Рискующее сердце - читать онлайн книгу. Автор: Эрнст Юнгер cтр.№ 5

читать книги онлайн бесплатно
 
 

Онлайн книга - Рискующее сердце | Автор книги - Эрнст Юнгер

Cтраница 5
читать онлайн книги бесплатно

5

Эрнст Юнгер откровенно отождествлял себя с лейтенантом Штурмом и даже подписывал свои статьи псевдонимом «Ганс Штурм». Первый роман, безусловно, проливает свет на позиции Юнгера-публициста, но и многие положения из его статей перекликаются с высказываниями лейтенанта Штурма или комментируют их. Так, например, странные мысли лейтенанта о боевом братстве с противником обретают отчетливость в статье «Национализм», опубликованной в 1926 году. В 20-е годы Юнгер выступает под флагом национализма, но его национализм едва ли совпадает с общепринятым. Естественнонаучные идеи поэтически и политически подтверждаются у него духовной жизнью: «Соображение, будто каждая национальная воля направлена против другой национальной воли, так же бесплодно, как бесплоден вопрос, почему деревья одного леса вынуждены бороться между собой за свет и питание. Рассудок может усмотреть в Европе, как в лесу, единство, но ни дереву, ни народу не может он отказать в своей особой необходимости». Так объясняются у Юнгера взаимоотношения бойцов, убивающих друг друга с уважением, если не с любовью. Вспоминается древний арийский миф, согласно которому, убивая достойного врага, оказываешь ему услугу, избавляя от позорной естественной смерти. (Не отсюда ли восходит легендарное высказывание наполеоновского маршала Ланна: «Если гусар не убит в тридцать лет, это не гусар, а дерьмо»?) Таким путем древний воин завоевывал и для себя самого достойную смерть от руки достойного врага.
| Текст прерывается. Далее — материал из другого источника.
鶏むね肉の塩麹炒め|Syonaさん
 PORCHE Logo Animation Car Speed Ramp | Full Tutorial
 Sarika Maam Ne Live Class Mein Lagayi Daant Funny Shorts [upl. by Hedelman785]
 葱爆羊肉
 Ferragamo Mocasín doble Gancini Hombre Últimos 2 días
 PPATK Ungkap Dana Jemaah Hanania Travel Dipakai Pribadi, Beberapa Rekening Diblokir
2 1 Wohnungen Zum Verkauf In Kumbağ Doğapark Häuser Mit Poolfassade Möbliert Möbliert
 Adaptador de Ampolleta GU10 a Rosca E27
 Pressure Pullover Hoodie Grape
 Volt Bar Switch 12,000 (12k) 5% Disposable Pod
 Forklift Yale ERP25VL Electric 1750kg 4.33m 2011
Но это миф, а Эрнст Юнгер, опираясь на миф, старается придерживаться политической реальности: «Быть националистом — значит отстаивать необходимость нации всеми средствами, о которых может зайти речь. Это значит учреждать идею нации как высшую ценность, которой должны подчиниться все остальные ценности. Это также значит быть не европейцем или гражданином мира, а верить в то, что быть немцем, французом или англичанином важнее, и это решает дело. Это значит ценить особенное выше всеобщего, над понятием ставить жизнь, а над распущенностью — органическое самоограничение. Это значит желать сочетаться с жизнью великими таинственными токами крови, а не абстрактным каркасом умственной конструкции. Только ради подлинных жизненных единств, а не ради полезного, практического или ухищренного жизнь готова на любую жертву».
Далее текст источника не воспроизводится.